(Captioned web images)
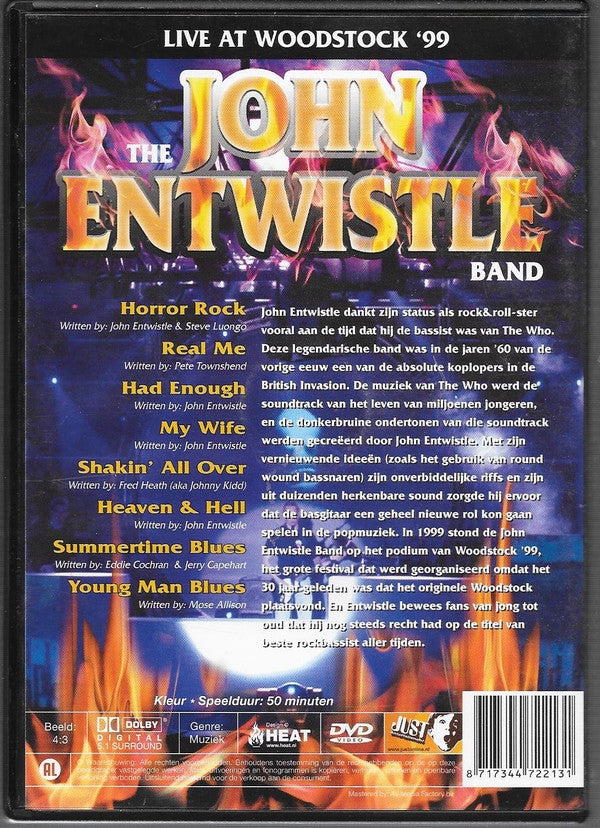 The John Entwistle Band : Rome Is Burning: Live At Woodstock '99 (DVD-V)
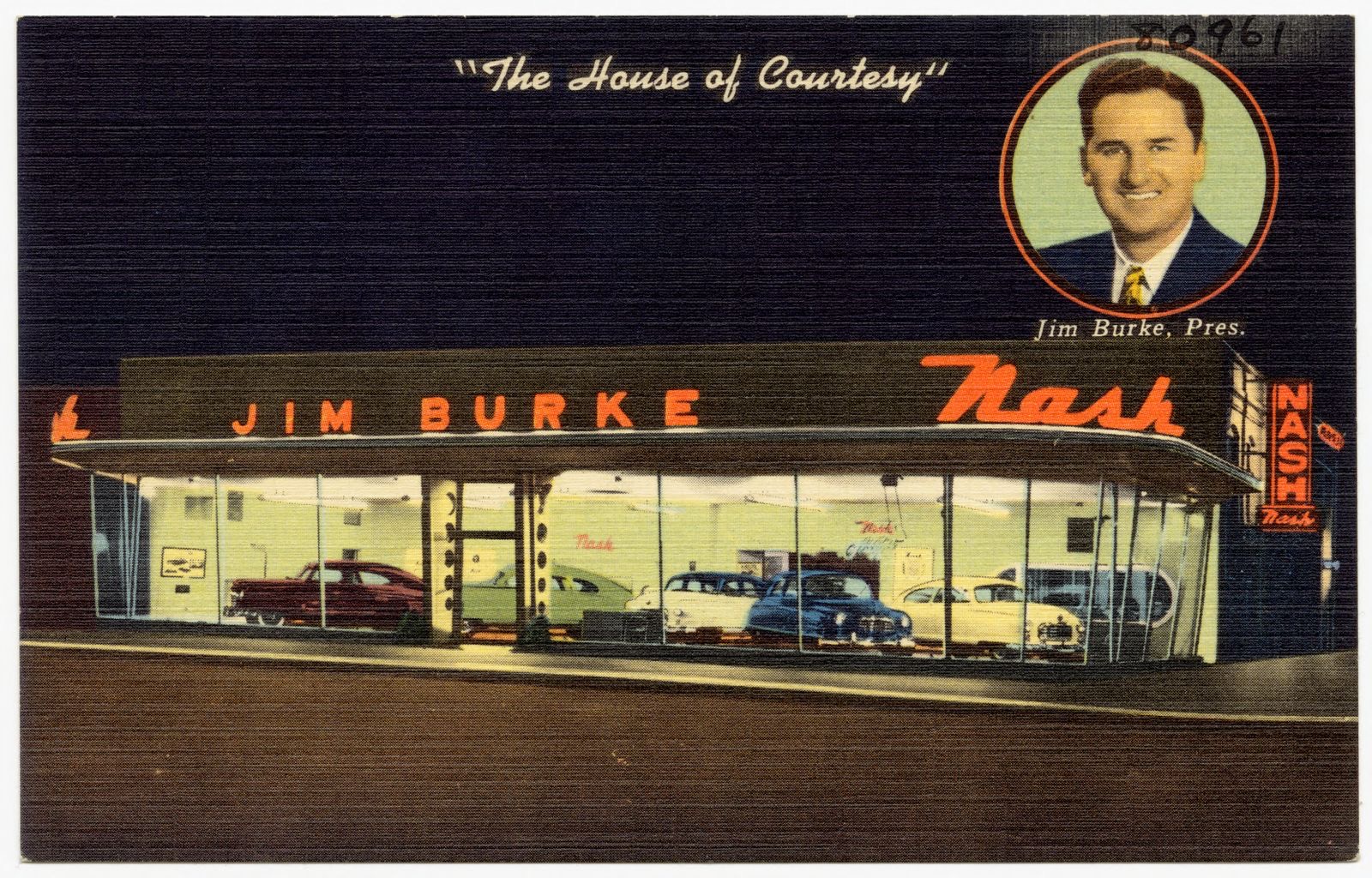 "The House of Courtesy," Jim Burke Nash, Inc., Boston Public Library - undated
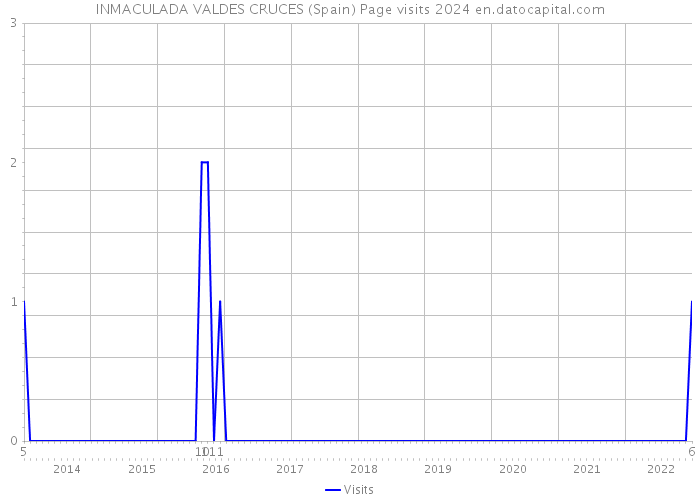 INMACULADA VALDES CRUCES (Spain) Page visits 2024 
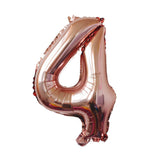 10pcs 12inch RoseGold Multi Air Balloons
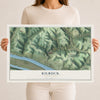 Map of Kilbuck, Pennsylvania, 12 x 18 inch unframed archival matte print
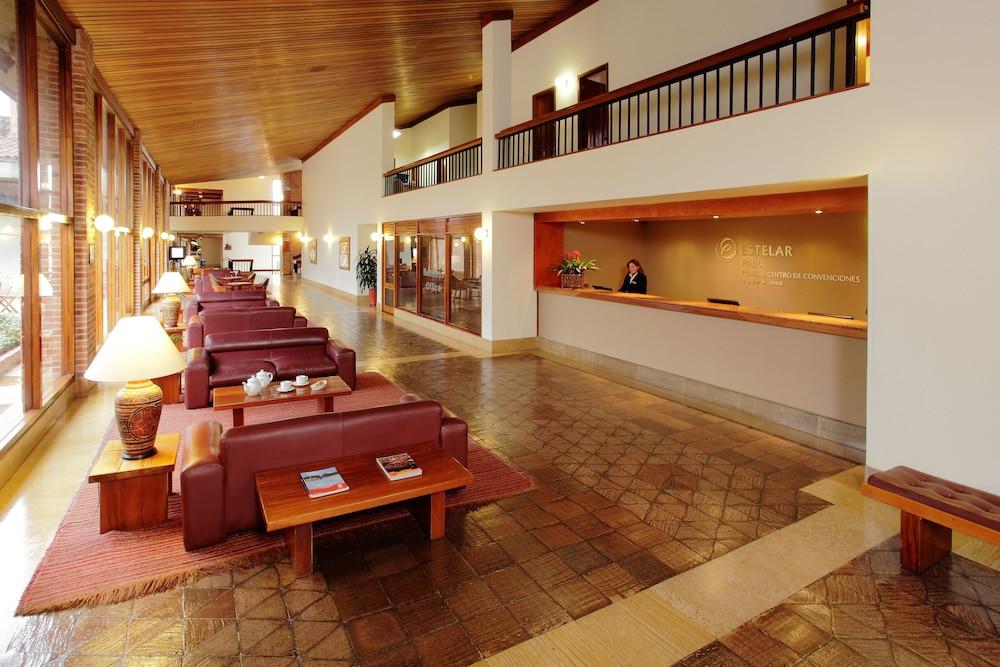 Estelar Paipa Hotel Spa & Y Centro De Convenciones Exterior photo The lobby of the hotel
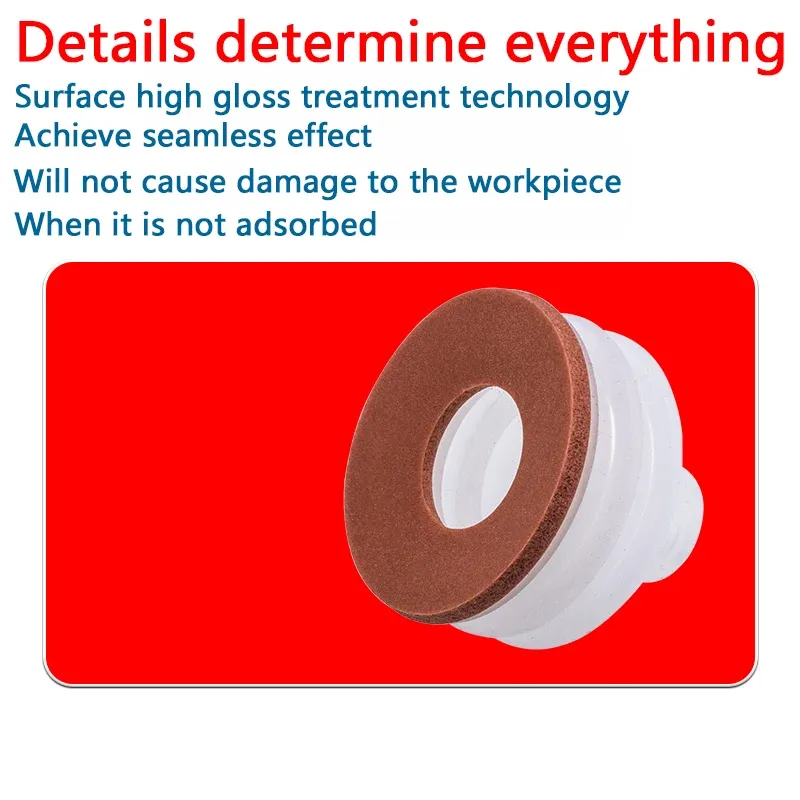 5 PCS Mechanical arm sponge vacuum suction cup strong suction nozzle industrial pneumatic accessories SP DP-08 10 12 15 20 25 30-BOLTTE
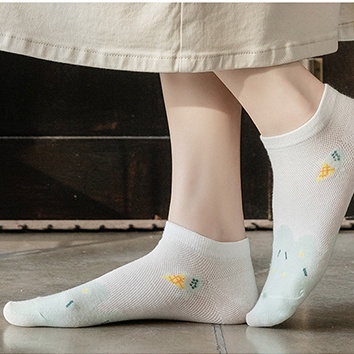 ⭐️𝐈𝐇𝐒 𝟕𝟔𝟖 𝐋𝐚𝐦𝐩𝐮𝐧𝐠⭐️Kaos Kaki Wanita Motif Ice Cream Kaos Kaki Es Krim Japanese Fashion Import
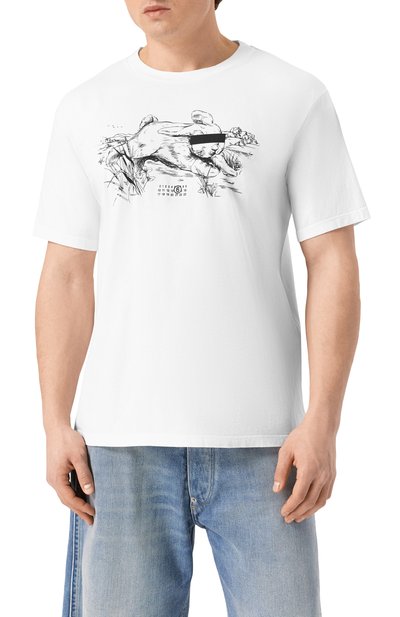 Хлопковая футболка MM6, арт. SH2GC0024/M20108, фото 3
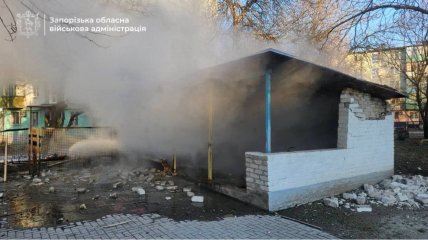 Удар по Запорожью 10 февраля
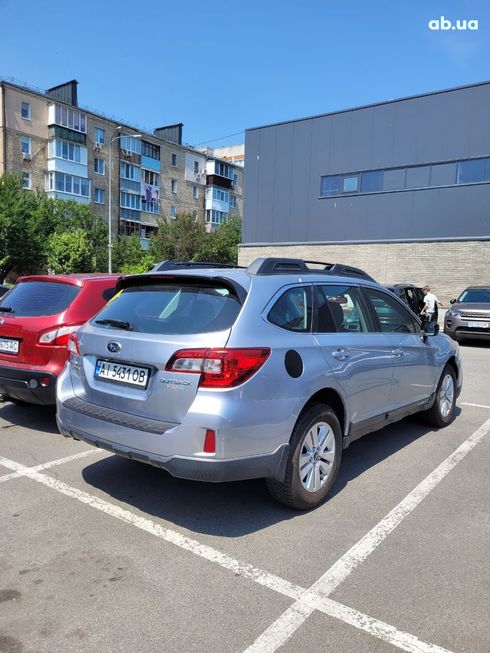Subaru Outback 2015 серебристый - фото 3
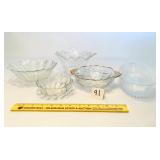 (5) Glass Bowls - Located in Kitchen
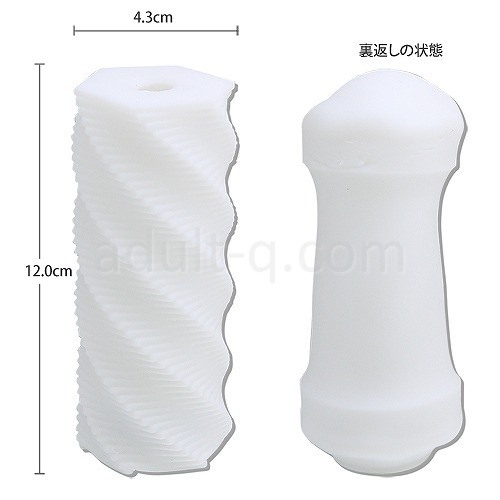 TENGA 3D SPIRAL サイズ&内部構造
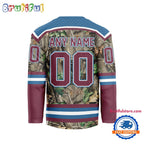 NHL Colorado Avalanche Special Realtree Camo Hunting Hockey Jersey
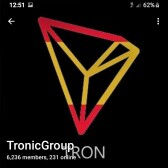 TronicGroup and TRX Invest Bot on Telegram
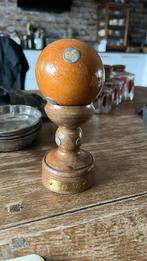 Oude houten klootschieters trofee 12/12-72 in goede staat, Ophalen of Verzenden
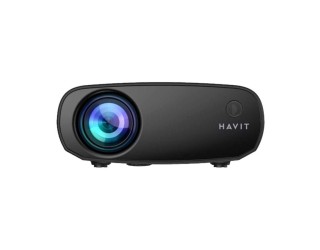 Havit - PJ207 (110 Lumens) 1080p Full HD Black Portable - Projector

#### [WHAT TO PRODUCE]
Copy nothing but the lines above that run from the one with "INMACULADA VALDES CRUCES" to the one with "Estelar Paipa Hotel", ends included; pictures stay out.

#### [RESPONSE TO THIS TASK]
 INMACULADA VALDES CRUCES (Spain) Page visits 2024 
 10pcs 12inch RoseGold Multi Air Balloons
 Map of Kilbuck, Pennsylvania, 12 x 18 inch unframed archival matte print
 Estelar Paipa Hotel Spa & Y Centro De Convenciones Exterior photo The lobby of the hotel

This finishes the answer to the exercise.